Sunday, April 10, 2016

The Massacre of Maragha (April 10, 1992)

The massacre of Maragha was one of the forgotten and under-reported episodes of the Karabagh war. The village of the Karabagh region was occupied and destroyed by Azerbaijani troops, the remaining inhabitants were massacred, kidnapped, or disappeared, and the village is currently under Azerbaijani control.

Maragha, formerly called Leninavan, was located in the region of Martakert, just across the border from the Azerbaijani town of Terter, in the oil-rich region of Mir-Bashir, and was one of the largest villages of the region. It had a population of 4,660 people, predominantly Armenians, according to the Soviet census of 1989.

The escalation of the conflict in the spring of 1992 led first to the bombing of the village, which resulted in considerable damage. Some residents fled and temporarily settled in other regions of Karabagh. Afterwards, Azerbaijani forces attacked Maragha on April 10, 1992. Artillery fire started early in the morning, followed by a ground assault from neighboring Mir-Bashir. The village was occupied in the afternoon by 20 armored vehicles and a battalion of 1,000 soldiers, reportedly followed by looters. The village had 500 residents at that time, according to the data of Human Rights Watch (HRW).

A preliminary report published in 1992 by HRW noted that the 60 Armenian fighters who defended Maragha did not have adequate weaponry and had been unable to hold their positions. They had retreated to a spot overlooking the village. Previously, they had notified the villagers, who had mostly left, while the remaining civilians, mainly consisting of the elderly and disabled, had gone into hiding in basements and underground shelters. The Azerbaijani forces massacred the civilians. The Armenians retook the village the following day, and came across bodies of forty-three civilians, mostly mutilated.

According to eyewitness accounts, people were decapitated or killed by torture (dragged tied to a tank or burnt alive), while bodies were mutilated, dissected, and burnt. Non-combatants, including women and children, were captured and taken hostage. The Vice-Speaker of the British Parliament’s House of Lords, Caroline Cox, who personally visited the place, gave a harrowing testimony: “I, along with my team from Christian Solidarity Worldwide, arrived within hours to find homes still smoldering, decapitated corpses, charred human remains, and survivors in shock. This was truly like a contemporary Golgotha many times over.”

Maragha was attacked again two weeks later. The remaining population was deported, and thirteen civilians were taken hostage. The houses were pillaged and burnt down afterwards.
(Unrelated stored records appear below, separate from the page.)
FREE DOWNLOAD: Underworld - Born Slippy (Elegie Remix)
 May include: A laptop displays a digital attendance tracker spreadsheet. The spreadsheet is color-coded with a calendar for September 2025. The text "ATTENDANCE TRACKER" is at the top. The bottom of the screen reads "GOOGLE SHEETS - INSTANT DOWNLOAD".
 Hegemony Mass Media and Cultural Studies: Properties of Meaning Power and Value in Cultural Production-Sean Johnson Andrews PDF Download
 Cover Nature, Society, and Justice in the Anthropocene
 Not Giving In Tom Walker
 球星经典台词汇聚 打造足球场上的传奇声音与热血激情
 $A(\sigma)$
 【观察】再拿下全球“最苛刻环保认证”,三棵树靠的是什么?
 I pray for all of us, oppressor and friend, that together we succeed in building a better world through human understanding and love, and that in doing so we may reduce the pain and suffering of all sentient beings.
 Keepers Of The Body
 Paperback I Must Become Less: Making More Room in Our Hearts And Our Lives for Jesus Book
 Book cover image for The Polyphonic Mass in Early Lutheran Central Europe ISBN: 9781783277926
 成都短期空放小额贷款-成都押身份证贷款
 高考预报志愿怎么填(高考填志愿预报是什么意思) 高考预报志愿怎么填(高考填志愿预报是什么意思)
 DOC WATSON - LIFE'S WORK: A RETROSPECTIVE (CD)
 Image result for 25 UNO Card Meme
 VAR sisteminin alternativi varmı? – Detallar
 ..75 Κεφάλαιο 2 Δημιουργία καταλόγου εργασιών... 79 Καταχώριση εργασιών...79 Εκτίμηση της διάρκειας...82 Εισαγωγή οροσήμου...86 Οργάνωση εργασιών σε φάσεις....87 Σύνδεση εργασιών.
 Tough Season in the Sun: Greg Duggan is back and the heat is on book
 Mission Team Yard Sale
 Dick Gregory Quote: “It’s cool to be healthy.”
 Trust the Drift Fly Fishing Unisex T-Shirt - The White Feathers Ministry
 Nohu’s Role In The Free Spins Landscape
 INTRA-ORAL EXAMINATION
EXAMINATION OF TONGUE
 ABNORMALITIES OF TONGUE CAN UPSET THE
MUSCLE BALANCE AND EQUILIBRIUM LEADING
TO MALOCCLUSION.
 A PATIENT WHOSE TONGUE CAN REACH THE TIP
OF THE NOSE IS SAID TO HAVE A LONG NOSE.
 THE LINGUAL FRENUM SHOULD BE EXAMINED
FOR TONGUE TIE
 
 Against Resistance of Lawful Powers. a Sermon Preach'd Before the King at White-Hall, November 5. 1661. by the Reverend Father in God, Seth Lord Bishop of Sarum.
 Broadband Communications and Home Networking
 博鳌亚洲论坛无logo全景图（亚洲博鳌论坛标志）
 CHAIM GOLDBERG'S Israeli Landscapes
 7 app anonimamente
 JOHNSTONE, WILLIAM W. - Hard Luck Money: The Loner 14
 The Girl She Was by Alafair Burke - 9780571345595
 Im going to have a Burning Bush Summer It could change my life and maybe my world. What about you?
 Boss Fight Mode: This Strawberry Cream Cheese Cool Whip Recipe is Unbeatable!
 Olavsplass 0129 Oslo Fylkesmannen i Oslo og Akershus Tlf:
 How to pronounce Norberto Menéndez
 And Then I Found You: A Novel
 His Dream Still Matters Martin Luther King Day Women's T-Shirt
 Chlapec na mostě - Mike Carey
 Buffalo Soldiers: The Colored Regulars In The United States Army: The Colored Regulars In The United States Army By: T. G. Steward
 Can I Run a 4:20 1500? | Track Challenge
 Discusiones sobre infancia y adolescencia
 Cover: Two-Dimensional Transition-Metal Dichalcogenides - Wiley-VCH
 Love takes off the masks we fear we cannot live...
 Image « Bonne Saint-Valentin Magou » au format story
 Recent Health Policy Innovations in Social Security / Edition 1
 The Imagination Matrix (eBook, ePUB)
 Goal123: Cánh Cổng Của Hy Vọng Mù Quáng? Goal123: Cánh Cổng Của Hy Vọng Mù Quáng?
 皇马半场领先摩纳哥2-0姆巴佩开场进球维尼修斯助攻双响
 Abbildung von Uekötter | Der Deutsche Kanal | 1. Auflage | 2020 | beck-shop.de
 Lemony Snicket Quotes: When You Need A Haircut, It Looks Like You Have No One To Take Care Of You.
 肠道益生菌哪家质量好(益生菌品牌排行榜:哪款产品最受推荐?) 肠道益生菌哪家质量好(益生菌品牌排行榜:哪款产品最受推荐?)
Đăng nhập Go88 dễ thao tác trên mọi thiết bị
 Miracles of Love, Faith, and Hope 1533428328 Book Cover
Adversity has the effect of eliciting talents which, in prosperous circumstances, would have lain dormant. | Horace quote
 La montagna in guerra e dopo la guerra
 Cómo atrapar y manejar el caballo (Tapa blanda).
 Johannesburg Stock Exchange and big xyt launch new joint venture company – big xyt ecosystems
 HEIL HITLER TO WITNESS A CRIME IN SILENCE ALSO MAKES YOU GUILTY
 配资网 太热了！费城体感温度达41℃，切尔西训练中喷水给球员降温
As a result, most of the village was destroyed, and the bodies were later buried in a mass grave near the village.

Amnesty International reported that a total of over a hundred residents had been slain, their bodies profaned and disfigured, and forty-five residents (including nine children and twenty-nine women) were taken hostage.

The Azerbaijani officers directly involved in the massacre were never held responsible or tried for the crimes committed in Maragha, while the Azerbaijani side has not responded to the accusations of massacre.

The events in Maragha were not covered by the international media. Cox explained that she had not brought journalists together with her to Maragha on those days because it was dangerous, but she took many photographs, which are printed in her book Nagorno Karabagh: Ethnic Cleansing in Progress. Cox also said in her interview that the English newspaper Daily Telegraph had agreed to print her report on the massacre of Maragha, but then they refused to do so.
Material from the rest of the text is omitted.